Skip to content

4. Adding a model

AlpinDale edited this page Jan 8, 2024 · 1 revision

Aphrodite supports a variety of HuggingFace model types already. You can see the full list here. You can easily add a custom model if you want to.

1. HuggingFace modeling code

All the supported models in Aphrodite have been adapted from the HuggingFace modeling code. For example, modeling_llama.py. You will then need to modify the code.

2. Rewrite the forward methods

You will need to make a few changes. Namely:

  1. Remove any unnecessary code related to training.
  2. Change the input parameters:
def forward(
    self,
    input_ids: torch.Tensor,
-    attention_mask: Optional[torch.Tensor] = None,
-    position_ids: Optional[torch.LongTensor] = None,
-    past_key_values: Optional[List[torch.FloatTensor]] = None,
-    inputs_embeds: Optional[torch.FloatTensor] = None,
-    labels: Optional[torch.LongTensor] = None,
-    use_cache: Optional[bool] = None,
-    output_attentions: Optional[bool] = None,
-    output_hidden_states: Optional[bool] = None,
-    return_dict: Optional[bool] = None,
-) -> Union[Tuple, CausalLMOutputWithPast]:
+    positions: torch.Tensor,
+    kv_caches: List[KVCache],
+    input_metadata: InputMetadata,
+) -> Optional[SamplerOutput]:
  1. Update the code by considering that input_ids and positions are now flattened tensors.
  2. Replace the attention ops with either PagedAttention, PagedAttentionWithRoPE or PagedAttentionWithALiBi, depending on the model's architecture.
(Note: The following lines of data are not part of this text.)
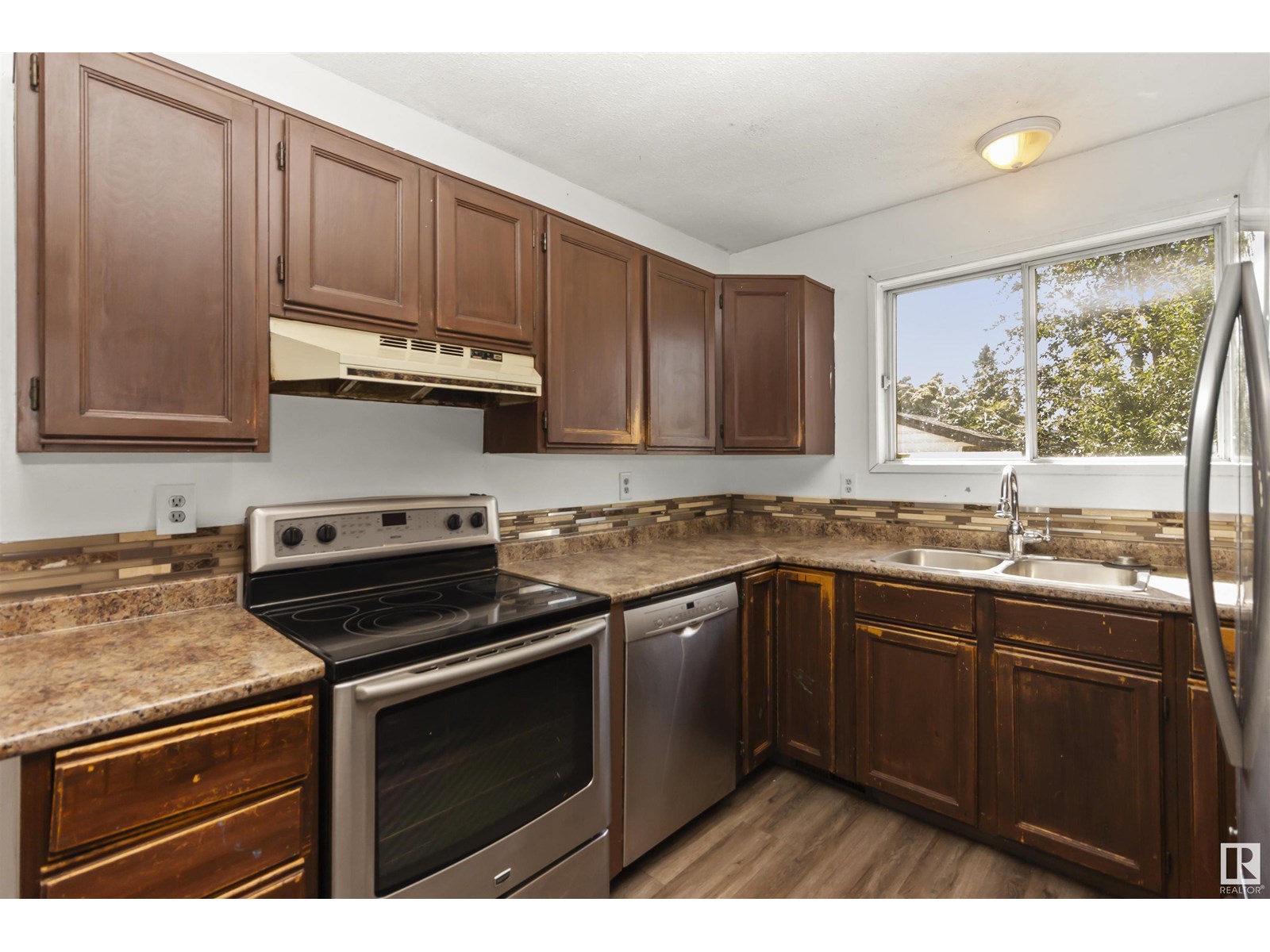 Photo 11 of 1310 54 St Nw, Edmonton AB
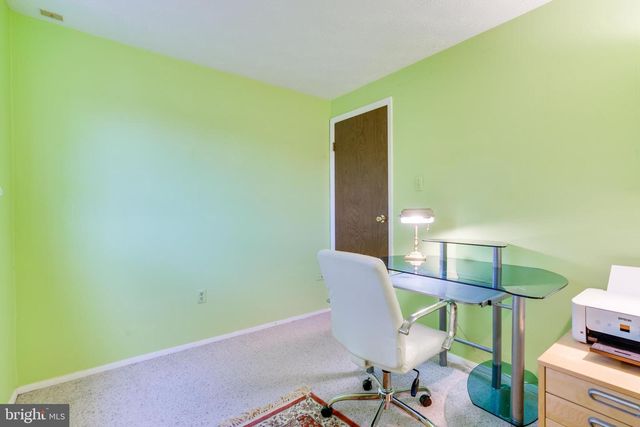 2851 EDGELEA RD, Vienna, VA 22181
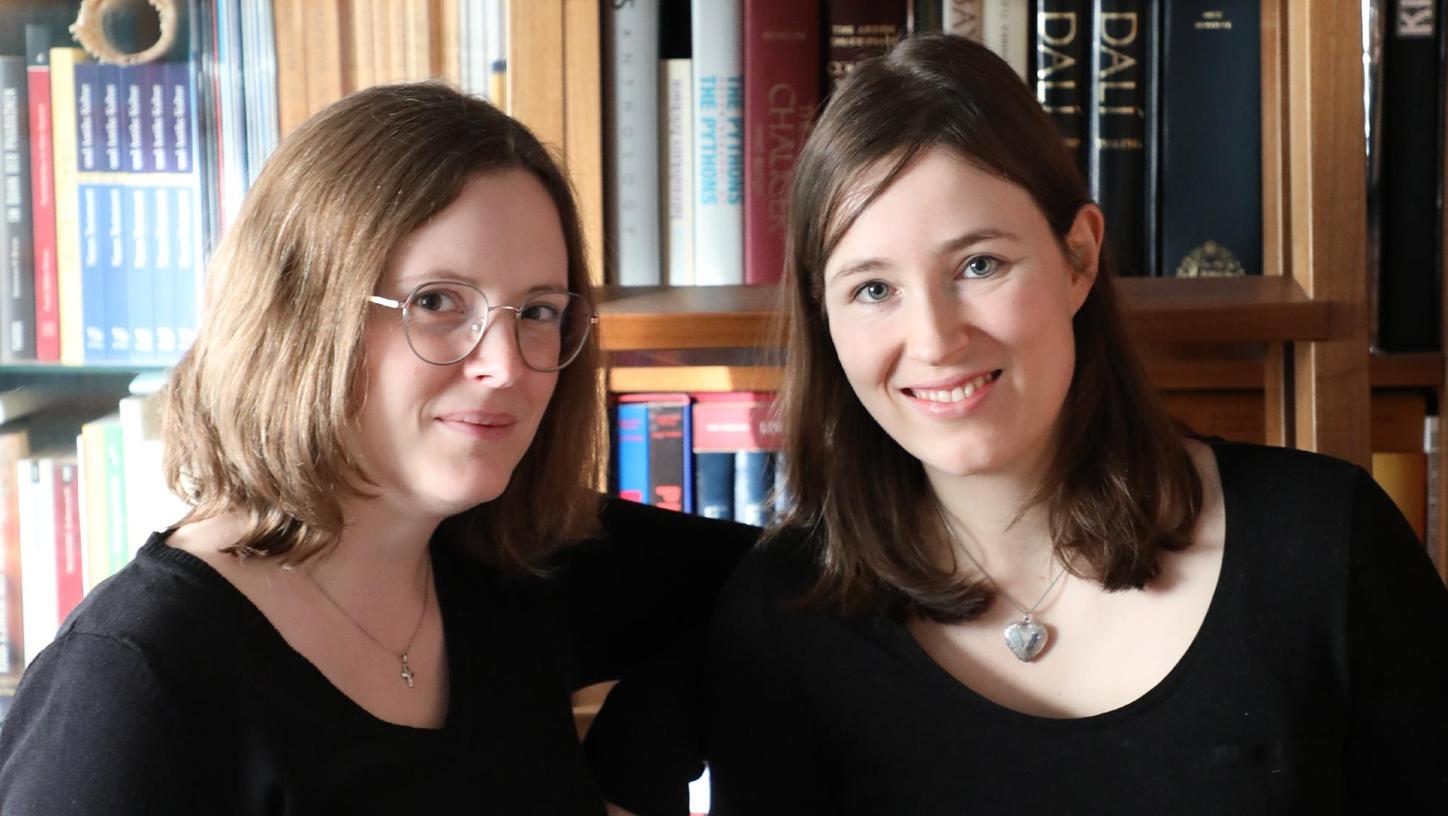 Schon in der Schule haben Anja Stapor (rechts) und Melissa Hill davon geträumt, gemeinsam ein Buch zu schreiben. Nun stellen sie ihren Thriller "Lupus Noctis" im Lutherhaus vor.
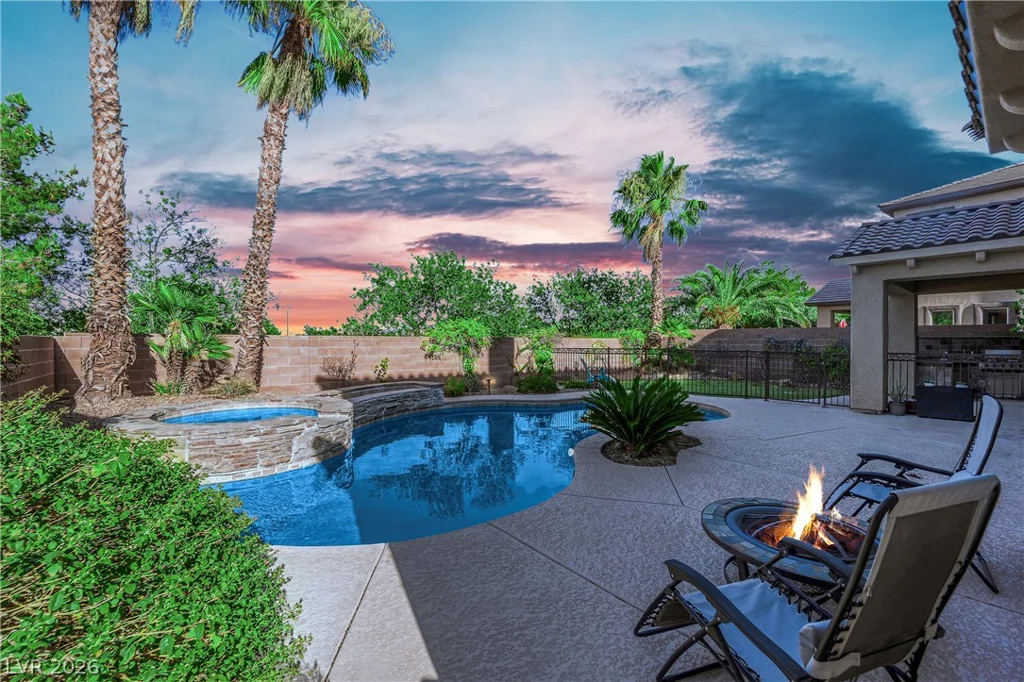 10616 Eagle Nest, Las Vegas, NV 89141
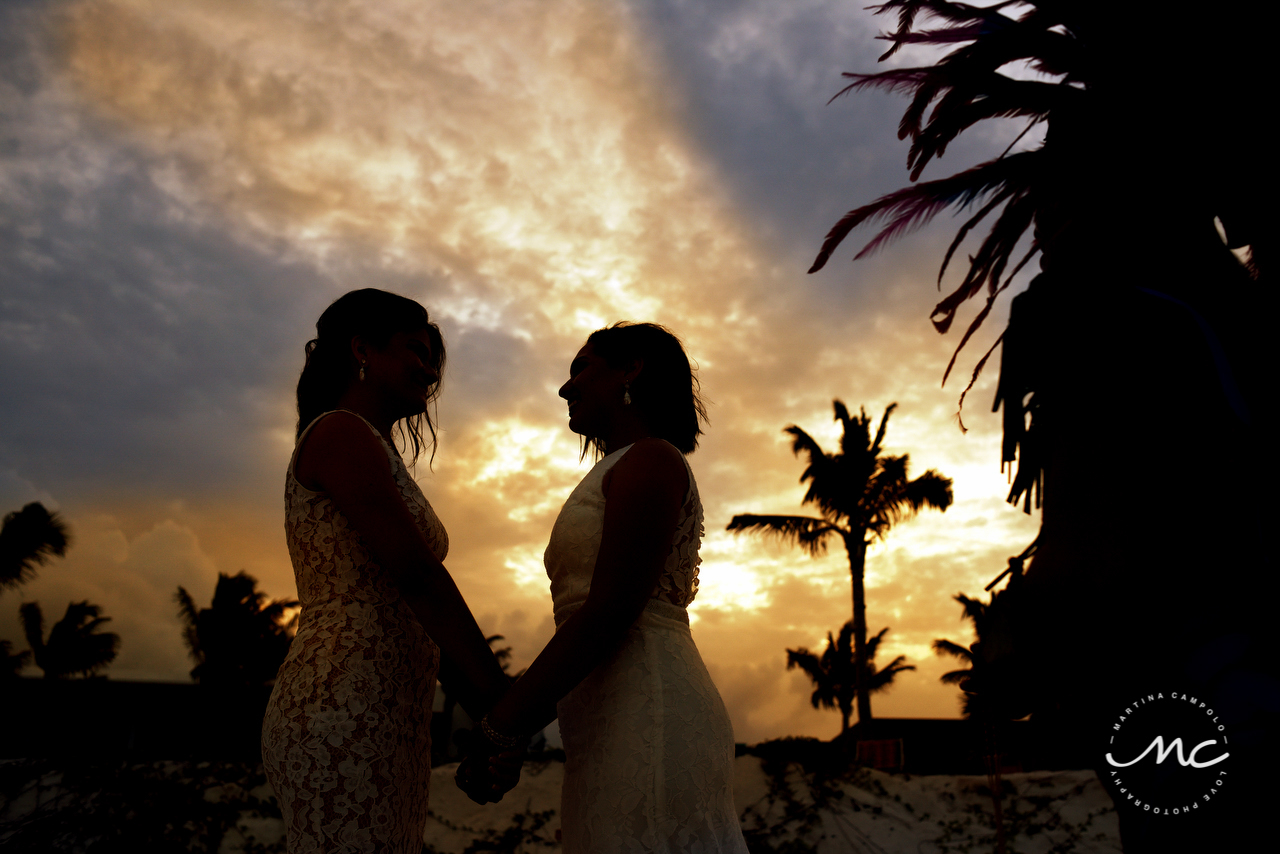 Brides silhouettes. Andaz Mayakoba Wedding Photography by Martina Campolo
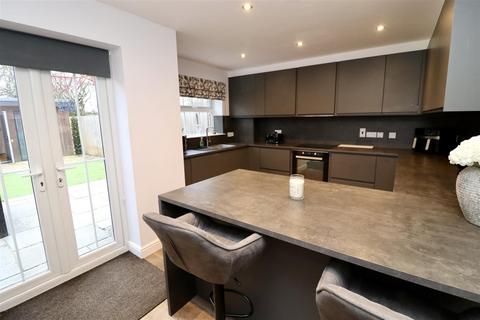 3 bedroom end of terrace house for sale, Kings Court, Market Weighton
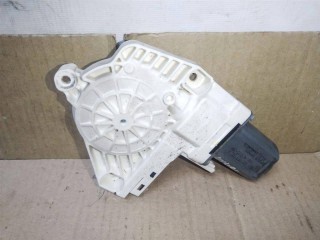 Моторчик стеклоподъемника передний правый Audi A6 C6/4F [рестайлинг] 2008-2011, седан, левый руль, 8K0959802A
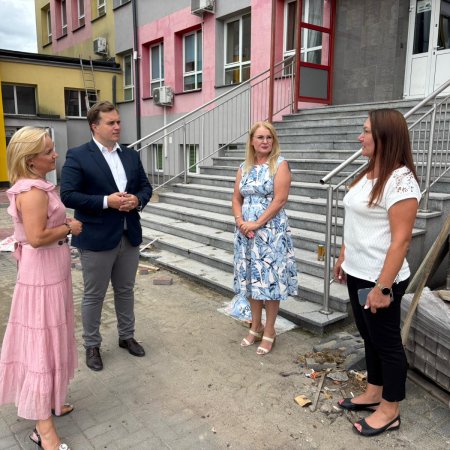 Mazowiecka Kurator Oświaty odwiedziła Ostrołękę. Zachwyciła się tą inwestycją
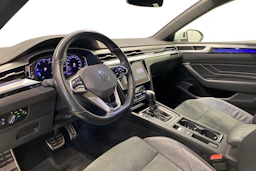 Valkoinen Volkswagen Arteon 2021 kuva 6.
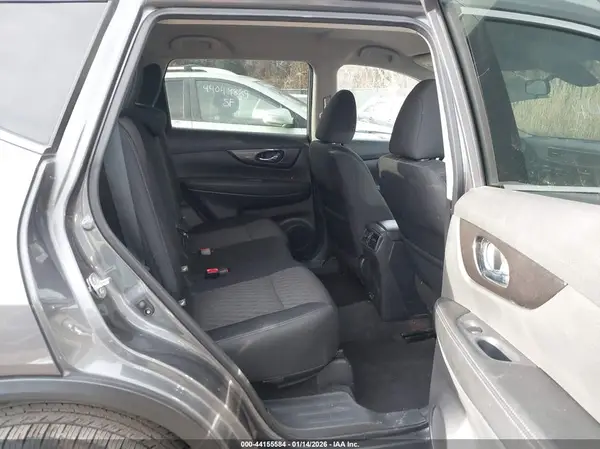 5N1AT2MV2KC777886 2019 NISSAN ROGUE - Image 8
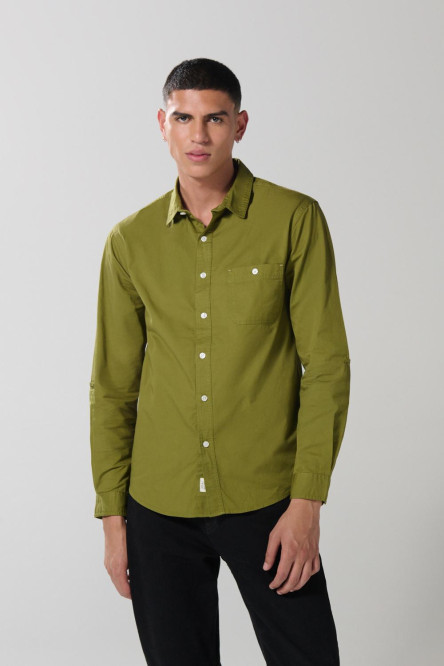 Camisa en algodón unicolor cuello sport collar con bolsillo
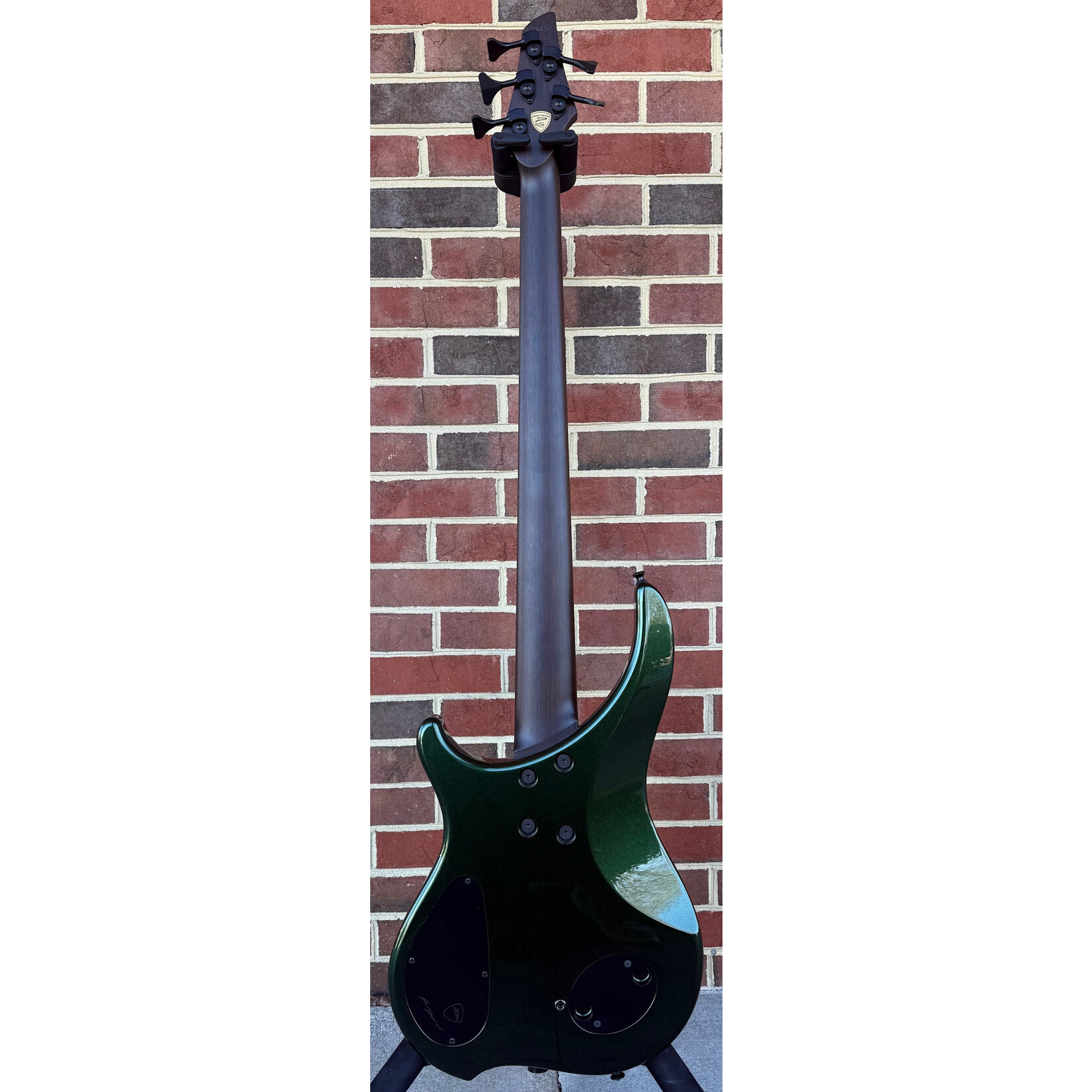 Dingwall Dingwall Custom ABII 5-String, NAMM Bass, Dark Candy Green, Walnut Top, Flame Maple Contrast Layer, Walnut Body, Wenge Neck & Fretboard, P-Tone/FD3 Pickups, Neve Preamp w/ Master Tone & Mini Toggles, 12th Fret D Inlay with Outline, Dingwall Deluxe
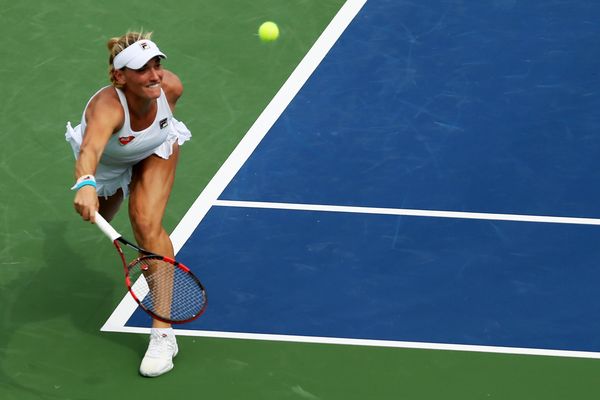 Kristina Mladenovic lors de son match contre Tímea Babos. 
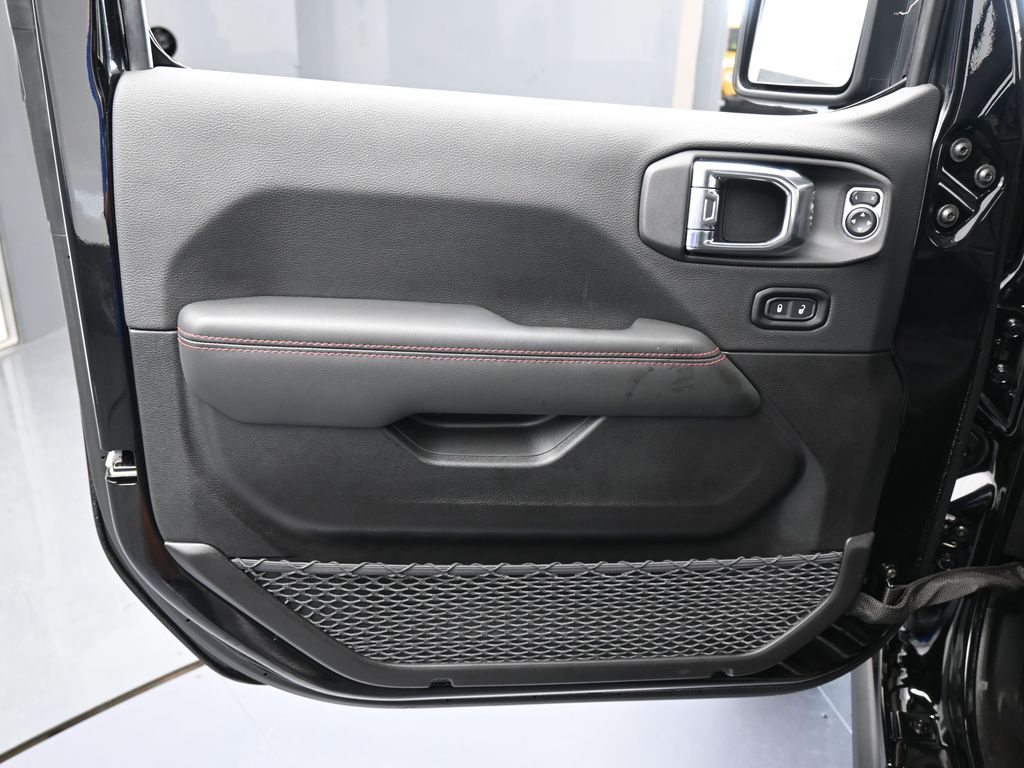 New 2026 Black Clearcoat Jeep Rubicon image 12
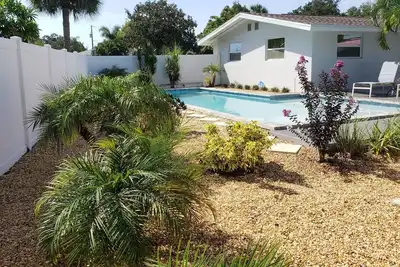 Image de Immaculée, récemment rénové à proximité de Siesta Beach, avec nouvelle piscine chauffée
Aphrodite supports the basic multi-head attention mechanisms (MHA, MQA, GQA, VGQA) and its variant with rotary positional embeddings and Alibi. If your model employrs a different attention mechanism, you will need to implement a new attention layer.

3. Implement tensor parallelism and quantization support

If your model is too large to fit into a single GPU, you can use tensor parallelism. To do this, substitute your model's linear and embedding layers with their tensor-parallel versions. For the embedding layer, you can simply replace nn.Embedding with VocabParallelEmbedding. The output lm_head, you can use ParallelLMHead. When it comes to linear layers, we provide the following options to parallelize them:

  • ReplicatedLinear: Replicates the input and weights across multiple GPUs. No memory saving.
  • RowParallelLinear: The input tensor is partitioned along the hidden dim. The weight matrix is partitioned along the rows (input dim). An all-reduce operation is performed after the matmul to reduce the results. Typically used for the second FFN layer and the output linear transformation of the attention layr.
  • ColumnParallelLinear: The input tensor is replicated. The weight matrix is partitioned along the columns (output dimension). The result is partitioned along the column dimension. Typically used for the first FFN layer and the separated QKV transformation of the attention layer in the original Transformer.
  • MergedColumnParallelLinear: Column-parallel linear that merges multiple ColumnParallelLinear operators. Typically used for the first FFN layer with weighted activation functions (e.g. SiLU). This class handles the sharded weight loading logic for multiple weight matrices.
  • QKVParallelLinear: Parallel linear layer for the query, key, and value projections of the multi-head and grouped-query attention mechanisms. When number of key/value heads are less than the world size, this class replicates the KV heads properly. This class handles the weight loading and replication of the weight matrices.

Note that all the linear layers above take linear_method as input. Aphrodite will set this parameter according to different quantization schemes to support weight quantization.

4. Weight loading logic

You now need to implement the load_weights method in your *ForCausalLM class. This method should load the weights from the HuggingFace's checkpoint file(s) and assign them to the corresponding layers in your model. Specifically, for MergedColumnParallelLinear and QKVParallelLinear layers, if the original model has separated weight matrices, you need to load the different parts separately.

5. Register your model

Finally, include your *ForCausalLM class in aphrodite/modeling/models/init.py and register it to the _MODEL_REGISTERY in aphrodite/modeling/loader.py.